Ta gra była chyba takim ojcem porażki serii MoH. Ona to zapoczątkowała. Fajnie się strzelało, już tych megaszkopów nie skomentuję, ale czas przejścia tej gry to była jakaś paranoja, jeśliby w tej grze nie byłoby TAKICH respawnów wroga to chyba w 2h dałoby radę ją ukończyć <Lol2>. Strzelasz i strzelasz no nie było to zbyt ciekawe, po jakimś czasie zaczęło się już nudzić skoro schemat był taki: 1 mapa, setki wrogów, parę punktów kontrolnych. Brothers in Arms: Hell's Highway i CoD:WaW były ostatnimi najlepszymi grami w tematyce II WŚ, Airborne nie ma do nich startu. Była trudna? Skoro została zaprojektowana tak, że respawnujący się co chwilę się niemiaszki respią czy stoją w miejscu na potęgę to łatwo nie było się przedrzeć do danego punktu.
Gra miała takie oceny, bo to nie była dobra gra ! AI przeciwników było żałosne, podobne do tego co mamy w Enemy Front, sama konstrukcja map była nieciekawa, a gra sprowadzała się do wybijania fal przeciwników. Same dodatki do broni może były ciekawym pomysłem, ale niektóre z nich były kompletnie absurdalne - ładowanie karabinu z celownikiem optycznym łódkami nabojowymi (łódkę nabojowa i ręka przenikała przez celownik optyczny), celowniki optyczne regulowanym przybliżeniem (nie było takich w czasie II wojny światowej - pojawiły się dopiero w latach 60 i posiadały wtedy poważne wady - były wielkie, ciężkie i z efektem powodującym zmianę położenia znaku celowniczego przy regulacji powiększenia).
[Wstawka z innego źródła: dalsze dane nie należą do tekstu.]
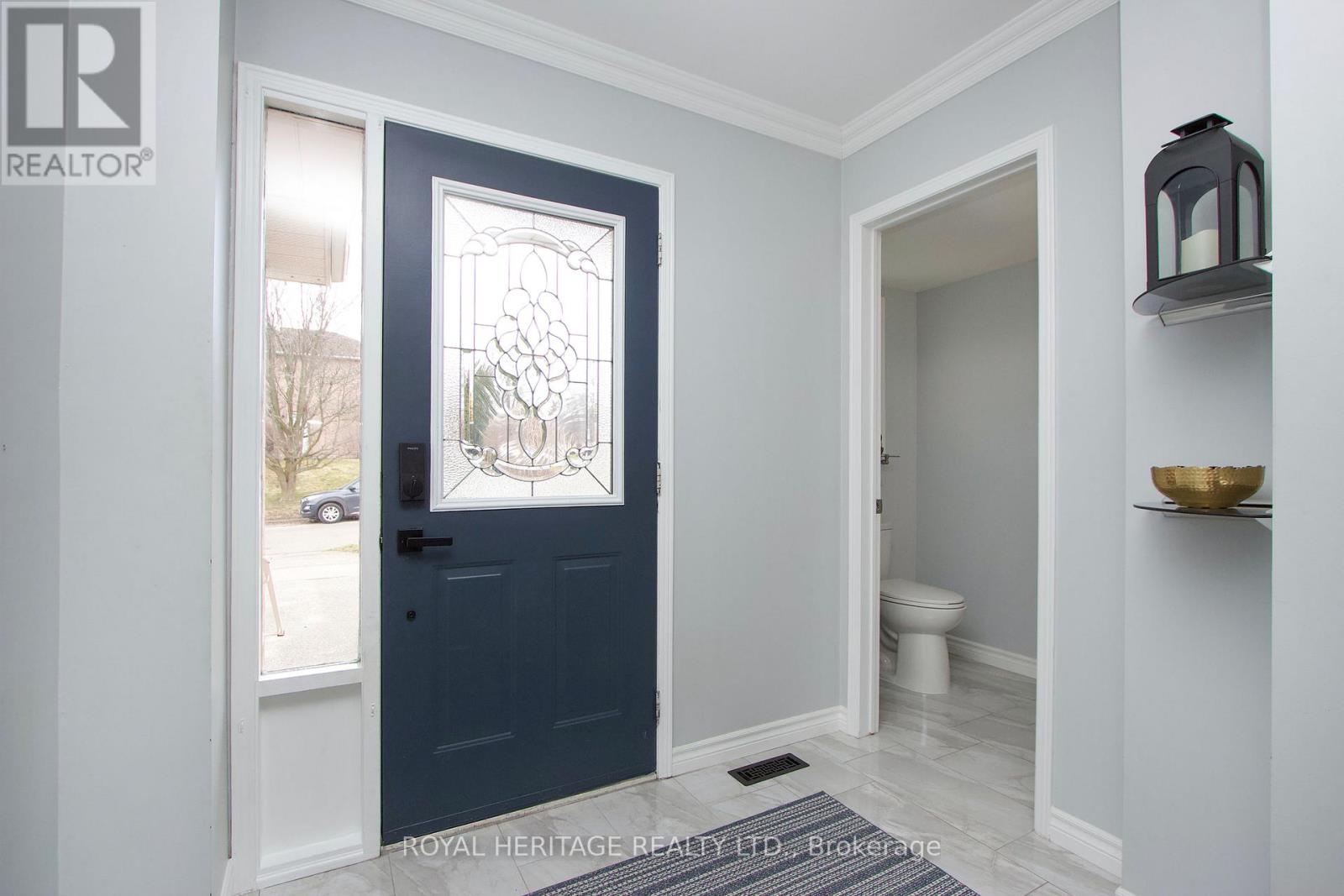 11 GLANVILLE CRESCENT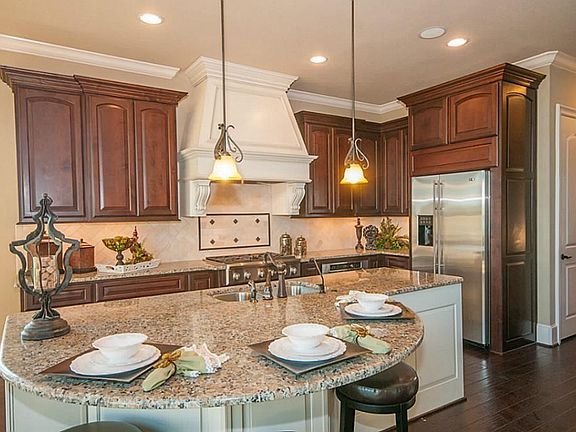 3rd image of 4207 Graham Heights Ln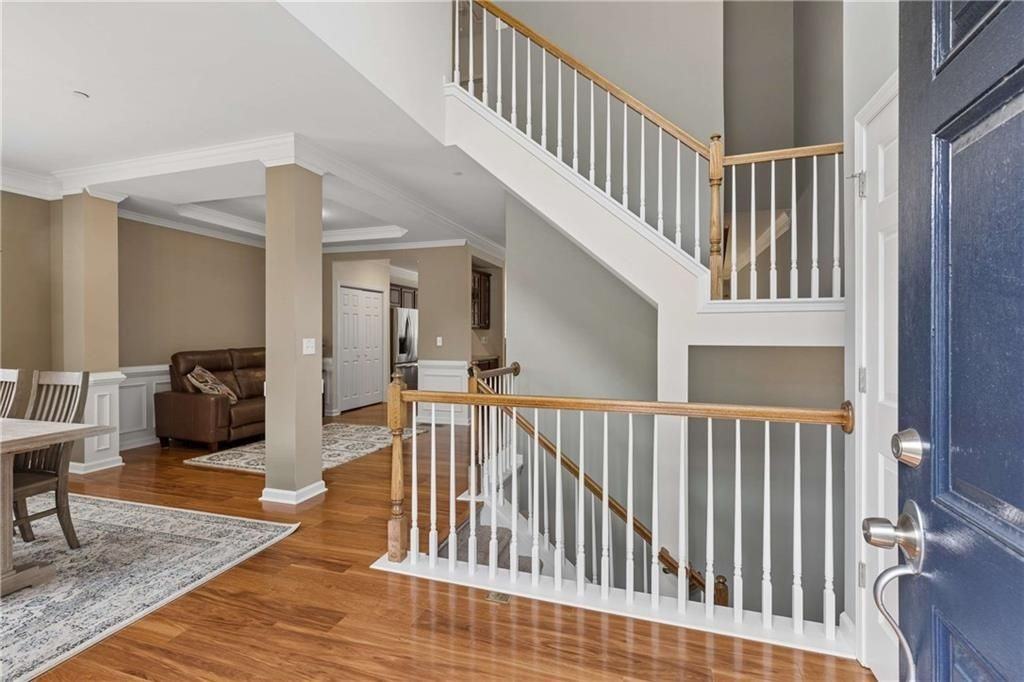 330 Holbrook Rd ##7 - Photo 3 of 49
"Gra przeskoczyła swoją epokę"... To jakiś żart? W tym samym roku z FPS-ów (2007) wyszły Crysis, Call of Duty 4: Modern Warfare, Halo 3, STALKER: Cień Czarnobyla, Lost Planet: Extreme Condition, Team Fortress 2, Unreal Tournament III, The Darkness, Enemy Territory: Quake Wars czy Half-Life 2: Episode Two. 2007 był tak obfity w dobre FPS-y, że coraz bardziej naśladujące Call of Duty Medal of Honor odpada w przedbiegach.
Myślę, że EA powinno powrócić do serii Medal of Honor robiąc nową grę w realiach I albo II Wojny Światowej. Teraz takich gier jest jak na lekarstwo.
Pamiętam jak grałem w MoH: Airborne swego czasu, zaraz po premierze i wtedy sprawiała całkiem dobre wrażenie! :)
Gra dostała oceny na poziomie 7/10 głównie za różne mniejsze i większe bugi oraz to, że w pewnym momencie całkowicie zatraciła swój klimat. Pierwsze misje zaskakiwały oryginalnym podejściem do tematu i to naprawdę działało. W pewnym momencie jednak zrobiono z gry jakiegoś Wolfensteina, pojawili się przekoksowani przeciwnicy, w których trzeba było władować cały magazynek by łaskawie padli, przez co także poziom trudności wzrósł do irytującego stopnia. Jak na początku gra mnie naprawdę pozytywnie zaskoczyła, to pod ,koniec miałem jej zwyczajnie dość.
Końcówka to prawda, nie podobała mi się przez te futurystyczne elementy, ale pierwsze misje? Kapitalna sprawa.